With the sudden surge in interest, stock trading services for retail investors have been subjected to a tsunami of traffic. As the most accessible means by which hobbyists can invest in stocks, many investors rely entirely on these services to participate in the short squeeze, but some platforms have collapsed under the pressure. Popular trading platform Robinhood, which had previously been criticized for irresponsibly gamifying investment, suffered a service outage earlier this week, while Trading 212 was forced to postpone client onboarding midway through the outbreak. Robinhood then made the decision to stop trading the r/WallStreetBets target stock, citing market volatility. Users were able to sell existing shares, but were unable to purchase additional shares. The decision to stop trading deprived the short-seller attack of its momentum, sending GameStop shares tumbling more than 40%. The move sparked outrage from merchants and politicians, who flocked to social media to air their grievances and share theories about the involvement of institutional finance in the move. Alternative platforms like Interactive Brokers, Webull, and TD Ameritrade have taken similar steps, but have so far avoided the level of anger against Robinhood, which is now also the subject of a class action lawsuit. The company is accused of trying to "manipulate the market for the benefit of individuals and financial institutions that were not Robinhood customers." Robinhood was forced to raise a multi-billion dollar emergency funding round from existing investors to stabilize its operations and has since vowed to restore the adjusted shares, though there are limitations.

What happens next?

Whether the war between individual and institutional investors will break out in the coming weeks remains to be seen. However, what is almost guaranteed is that the absence of underlying fundamentals (for example, strong performance metrics) will mean that stocks like GameStop will return to more reasonable levels. When this happens, a large number of retail investors who have piled into the stock are likely to experience significant losses. For this reason, anyone wanting to enter the stock market for the first time should be careful.

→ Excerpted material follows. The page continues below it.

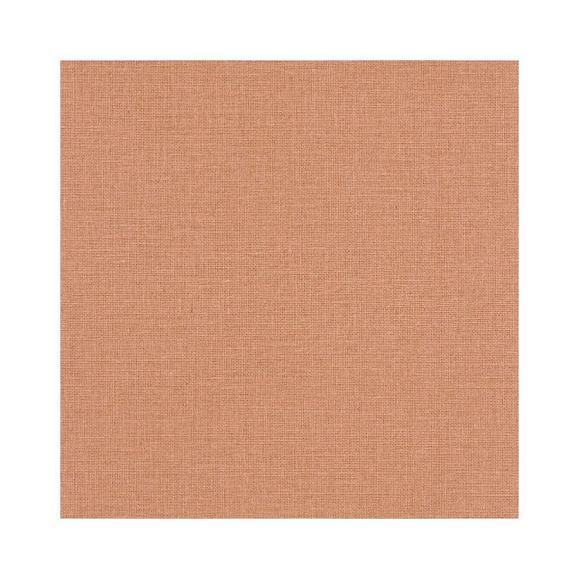 Обои Caselio 104014020 Uni Mat Terracotta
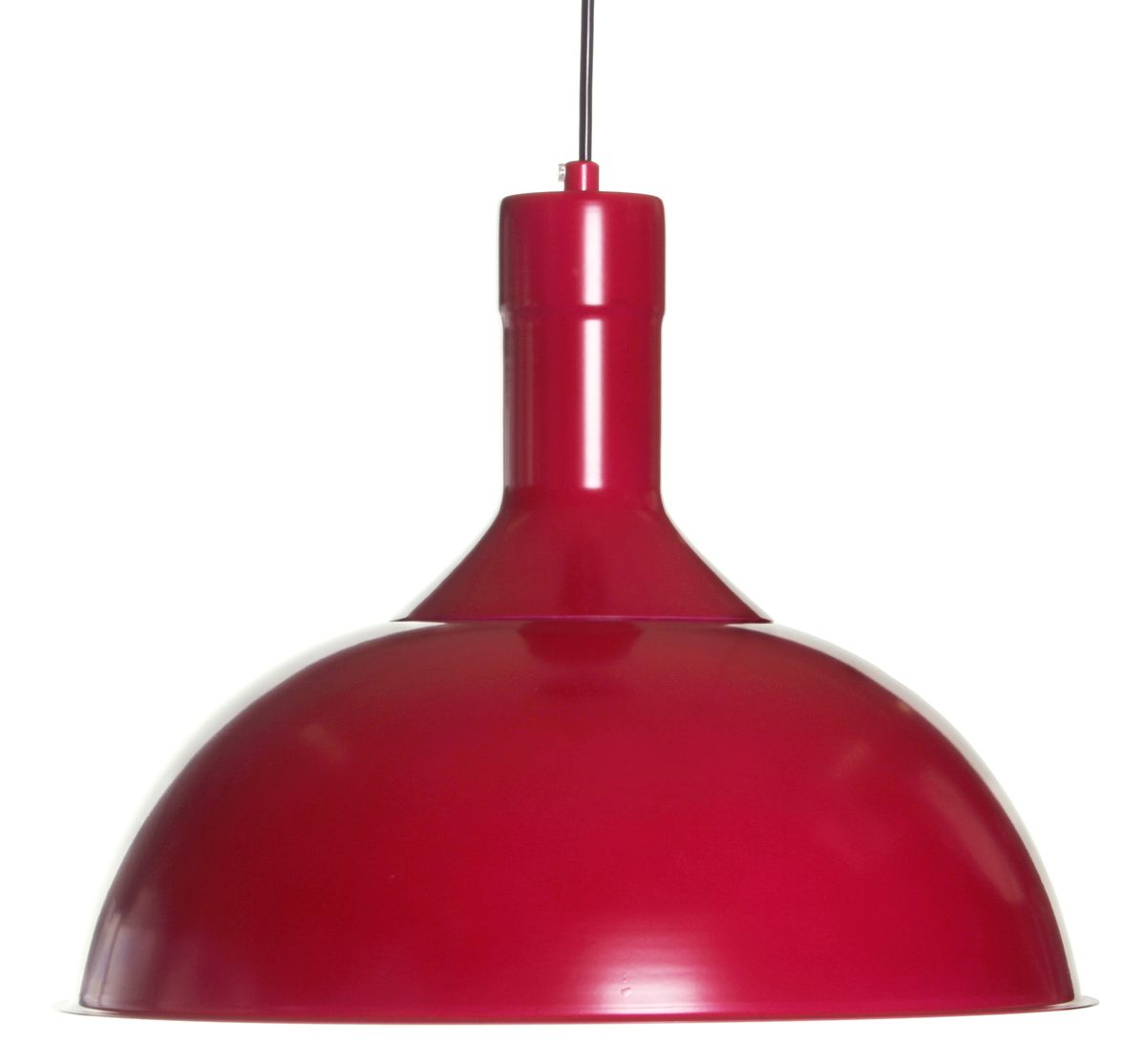 Anna on kattovalaisin, joka loistaa kauniissa ja raikkaissa väreissä tuoden piristystä arkeen. Valaisimen valkoinen sisäpinta tehostaa valon heijastumista ja luo miellyttävää valaistusta.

It is also important that people never invest more than they can afford to lose. The incident is likely to have long-term effects as well, as it has raised a number of important questions that will be hard to put back in your box. The ease with which social networks have been used to manipulate markets and the power of financial platforms over their users will require further investigation. TechRadar Pro will update this article with any additional developments.